Go through the records and give each one again exactly, omitting the images.

Records for this task =
▬▬▬▬▬▬

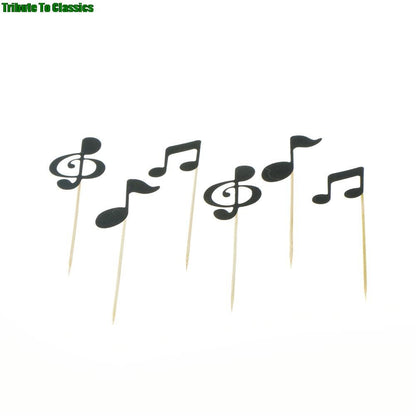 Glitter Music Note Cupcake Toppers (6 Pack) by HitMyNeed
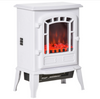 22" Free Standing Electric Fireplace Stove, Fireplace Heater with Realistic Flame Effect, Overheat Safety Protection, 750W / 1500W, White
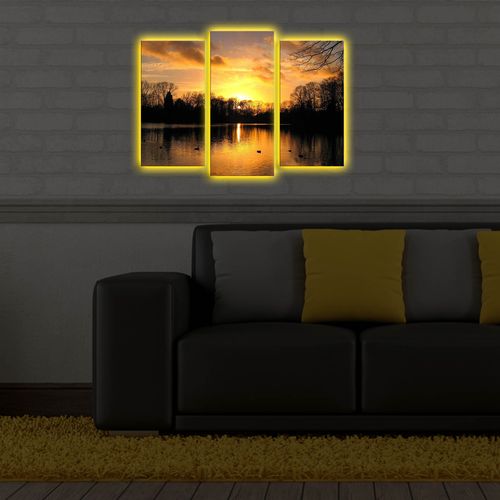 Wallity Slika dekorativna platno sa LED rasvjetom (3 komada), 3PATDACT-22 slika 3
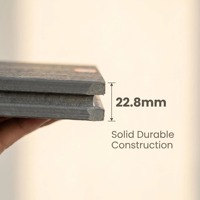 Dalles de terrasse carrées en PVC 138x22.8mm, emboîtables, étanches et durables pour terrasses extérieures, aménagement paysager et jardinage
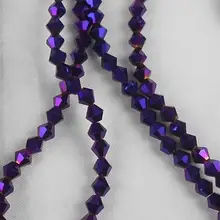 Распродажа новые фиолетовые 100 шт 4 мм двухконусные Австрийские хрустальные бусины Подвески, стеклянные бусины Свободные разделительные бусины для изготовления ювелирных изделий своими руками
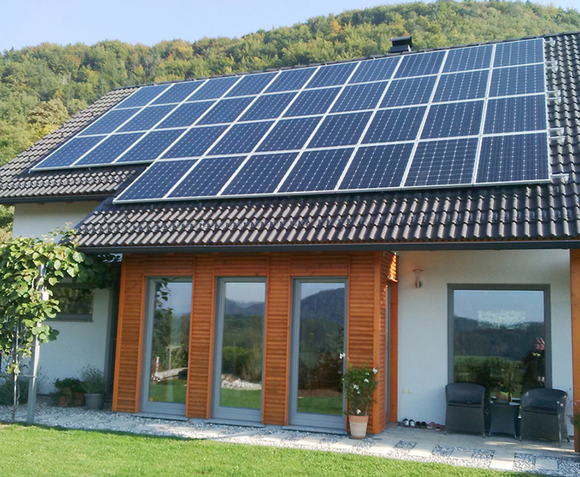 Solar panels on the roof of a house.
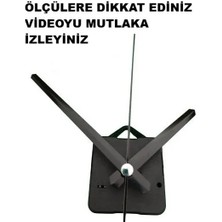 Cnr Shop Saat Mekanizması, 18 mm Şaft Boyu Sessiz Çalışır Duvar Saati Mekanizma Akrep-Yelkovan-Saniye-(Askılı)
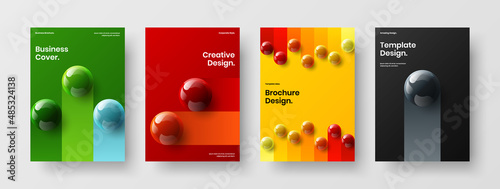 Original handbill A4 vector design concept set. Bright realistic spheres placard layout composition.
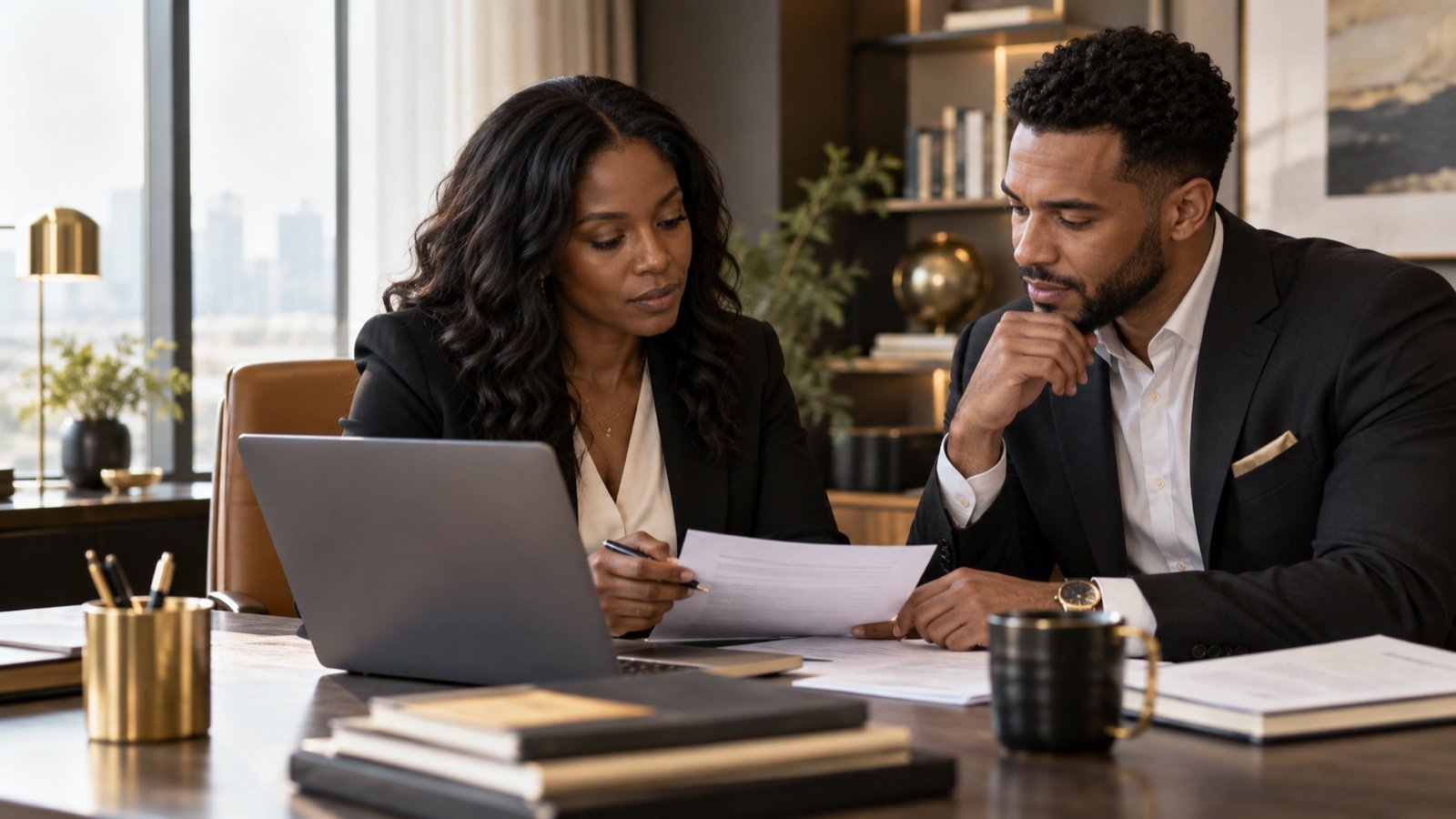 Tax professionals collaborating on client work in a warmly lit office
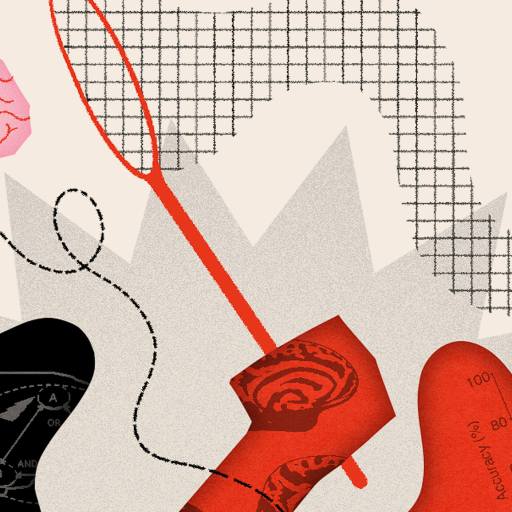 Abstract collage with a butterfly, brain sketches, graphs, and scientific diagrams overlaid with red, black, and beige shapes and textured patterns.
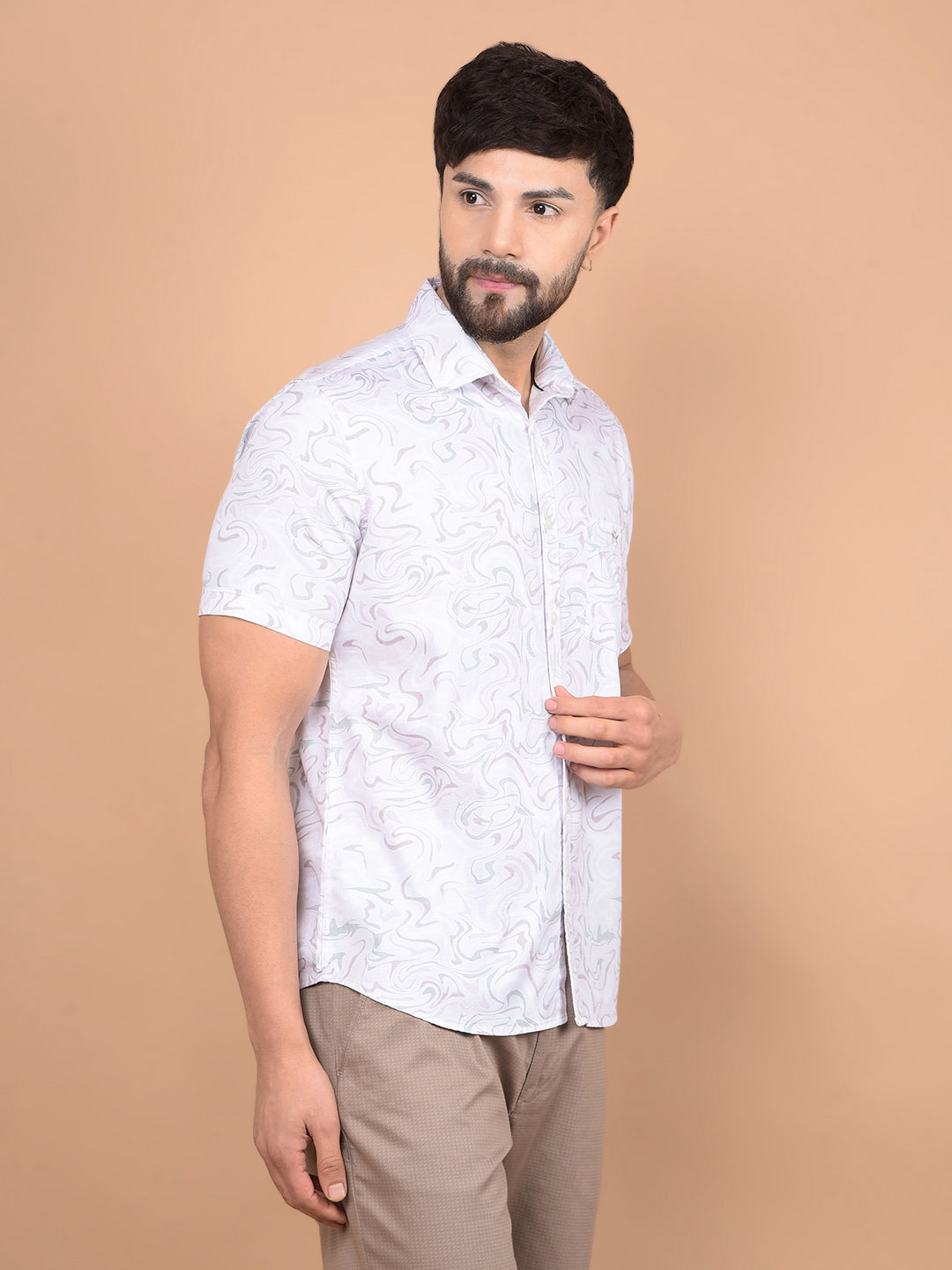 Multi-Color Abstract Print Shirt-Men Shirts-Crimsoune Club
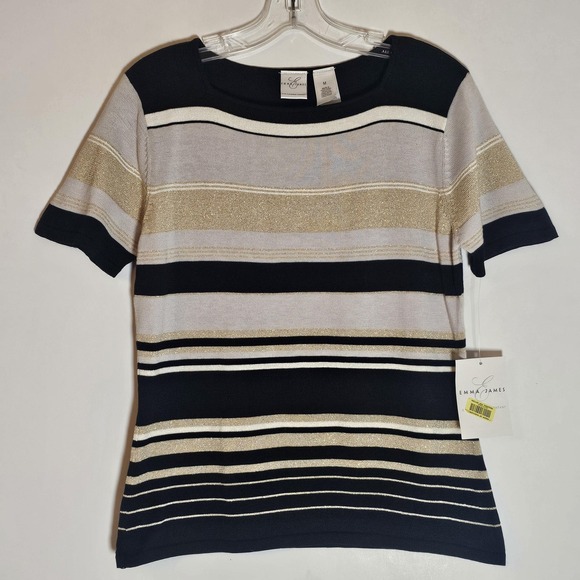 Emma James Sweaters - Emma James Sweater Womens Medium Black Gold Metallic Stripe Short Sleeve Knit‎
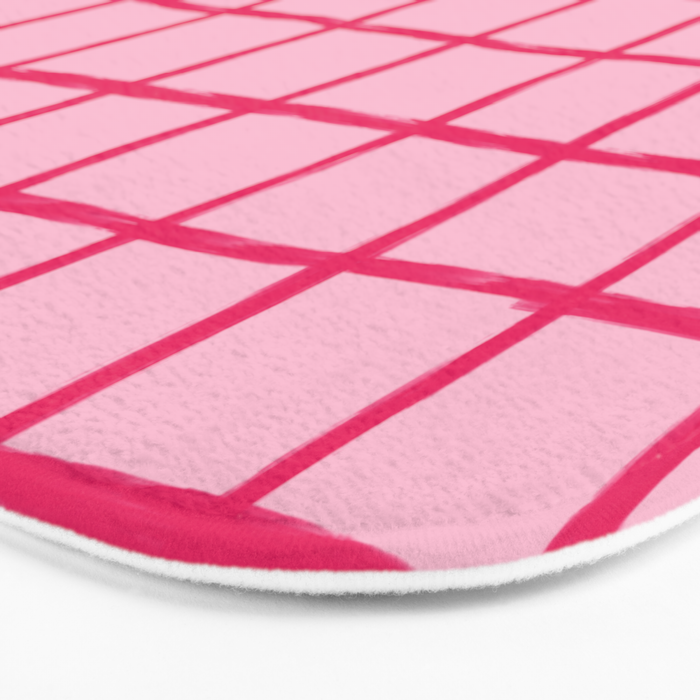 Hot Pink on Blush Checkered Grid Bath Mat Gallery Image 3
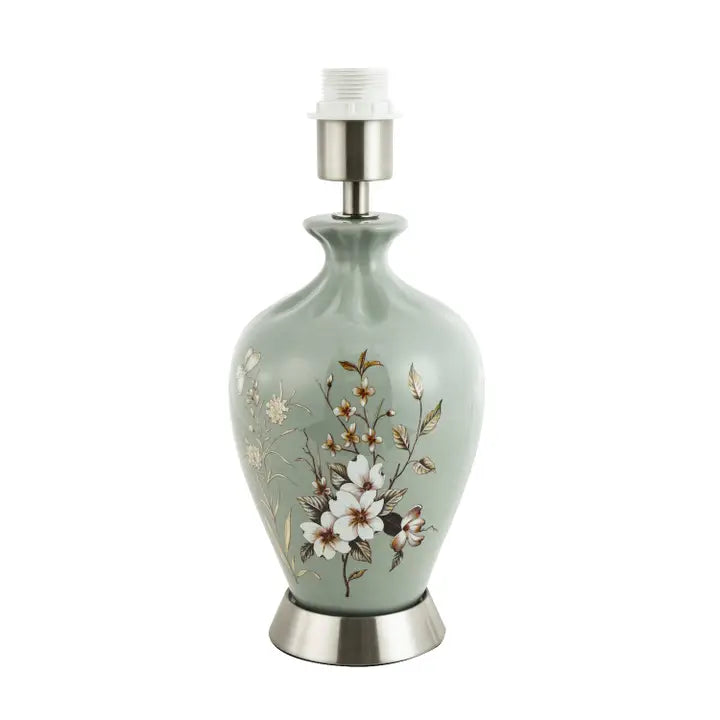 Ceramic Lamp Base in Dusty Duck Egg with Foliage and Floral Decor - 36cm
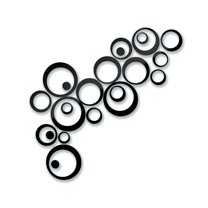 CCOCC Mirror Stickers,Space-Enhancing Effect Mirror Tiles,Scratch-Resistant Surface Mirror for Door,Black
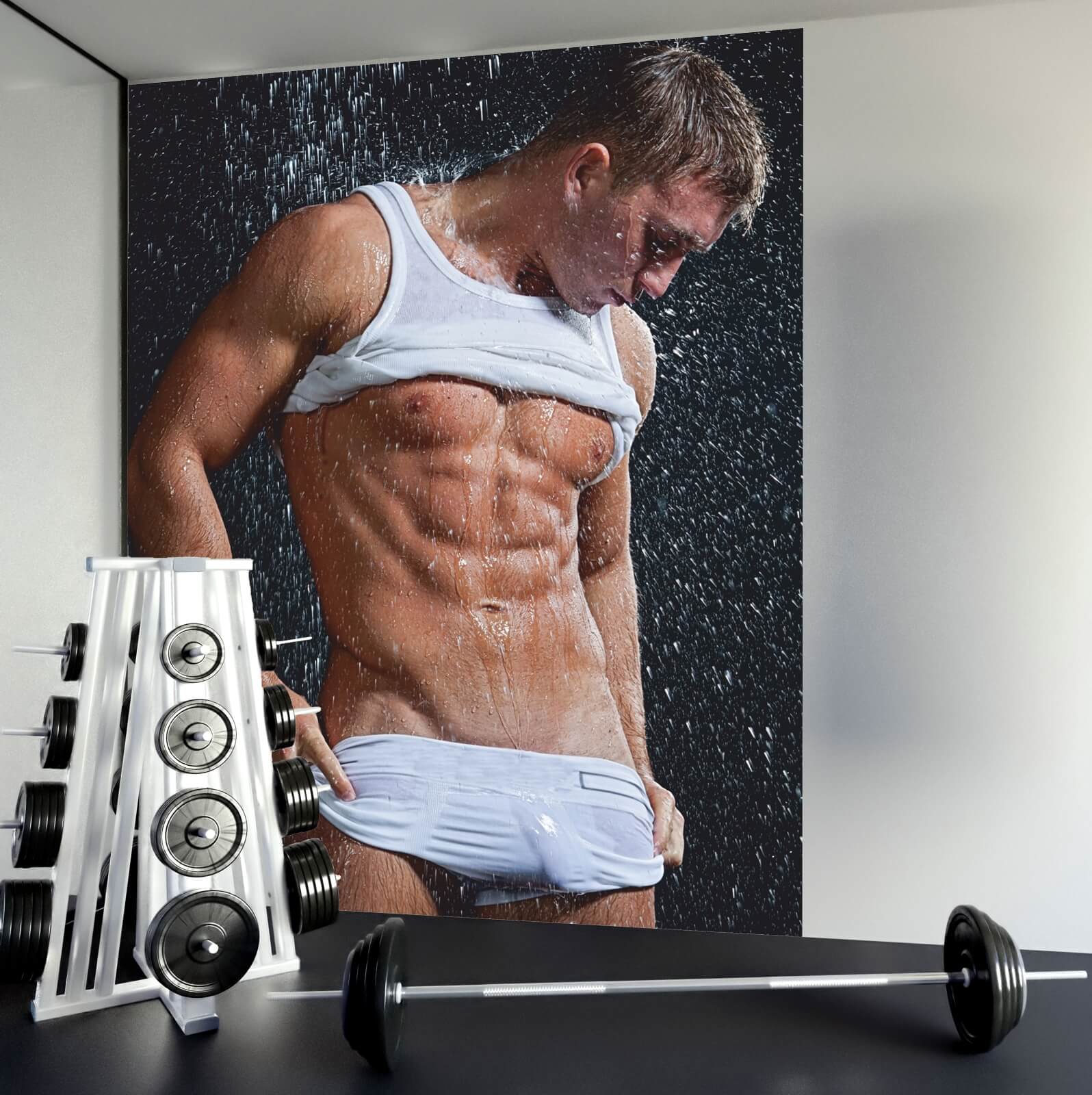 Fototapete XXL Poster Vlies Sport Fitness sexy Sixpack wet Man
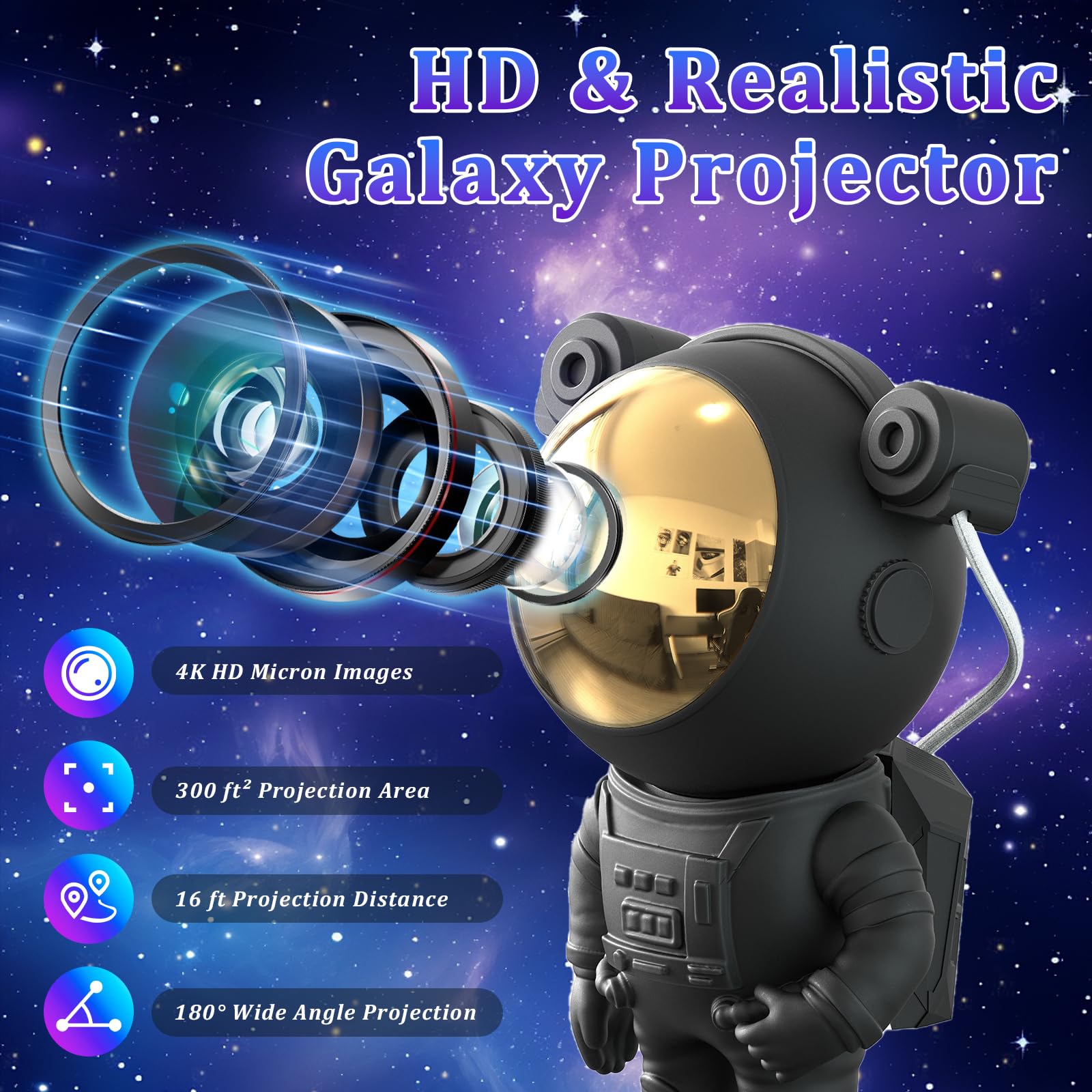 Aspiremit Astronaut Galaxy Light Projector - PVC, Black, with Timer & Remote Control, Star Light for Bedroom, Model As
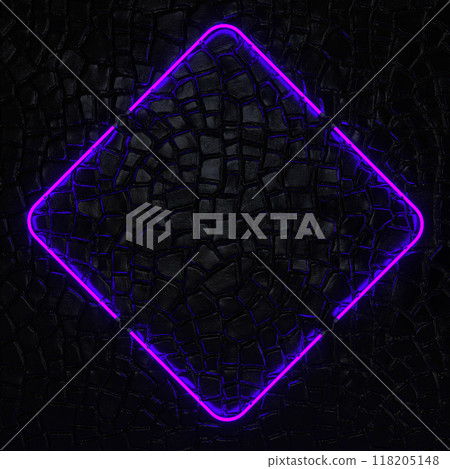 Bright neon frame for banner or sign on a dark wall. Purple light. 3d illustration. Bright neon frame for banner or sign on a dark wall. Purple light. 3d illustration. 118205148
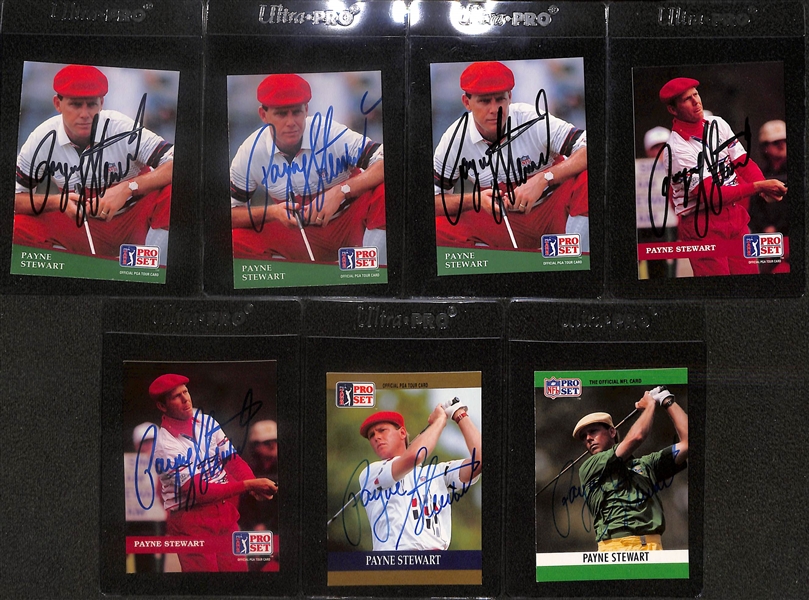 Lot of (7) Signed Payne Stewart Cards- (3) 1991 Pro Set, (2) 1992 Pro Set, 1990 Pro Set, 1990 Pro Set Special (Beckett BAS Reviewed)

▬▬▬▬▬▬

Output of the task =
 Glitter Music Note Cupcake Toppers (6 Pack) by HitMyNeed
 22" Free Standing Electric Fireplace Stove, Fireplace Heater with Realistic Flame Effect, Overheat Safety Protection, 750W / 1500W, White
 Wallity Slika dekorativna platno sa LED rasvjetom (3 komada), 3PATDACT-22 slika 3
 Dalles de terrasse carrées en PVC 138x22.8mm, emboîtables, étanches et durables pour terrasses extérieures, aménagement paysager et jardinage
 Распродажа новые фиолетовые 100 шт 4 мм двухконусные Австрийские хрустальные бусины Подвески, стеклянные бусины Свободные разделительные бусины для изготовления ювелирных изделий своими руками
 Solar panels on the roof of a house.
 Cnr Shop Saat Mekanizması, 18 mm Şaft Boyu Sessiz Çalışır Duvar Saati Mekanizma Akrep-Yelkovan-Saniye-(Askılı)
 Original handbill A4 vector design concept set. Bright realistic spheres placard layout composition.
 Tax professionals collaborating on client work in a warmly lit office
 Abstract collage with a butterfly, brain sketches, graphs, and scientific diagrams overlaid with red, black, and beige shapes and textured patterns.
 Multi-Color Abstract Print Shirt-Men Shirts-Crimsoune Club
 Emma James Sweaters - Emma James Sweater Womens Medium Black Gold Metallic Stripe Short Sleeve Knit‎
 Hot Pink on Blush Checkered Grid Bath Mat Gallery Image 3
 Ceramic Lamp Base in Dusty Duck Egg with Foliage and Floral Decor - 36cm
 CCOCC Mirror Stickers,Space-Enhancing Effect Mirror Tiles,Scratch-Resistant Surface Mirror for Door,Black
 Fototapete XXL Poster Vlies Sport Fitness sexy Sixpack wet Man
 Aspiremit Astronaut Galaxy Light Projector - PVC, Black, with Timer & Remote Control, Star Light for Bedroom, Model As
 Bright neon frame for banner or sign on a dark wall. Purple light. 3d illustration. Bright neon frame for banner or sign on a dark wall. Purple light. 3d illustration. 118205148
 Lot of (7) Signed Payne Stewart Cards- (3) 1991 Pro Set, (2) 1992 Pro Set, 1990 Pro Set, 1990 Pro Set Special (Beckett BAS Reviewed)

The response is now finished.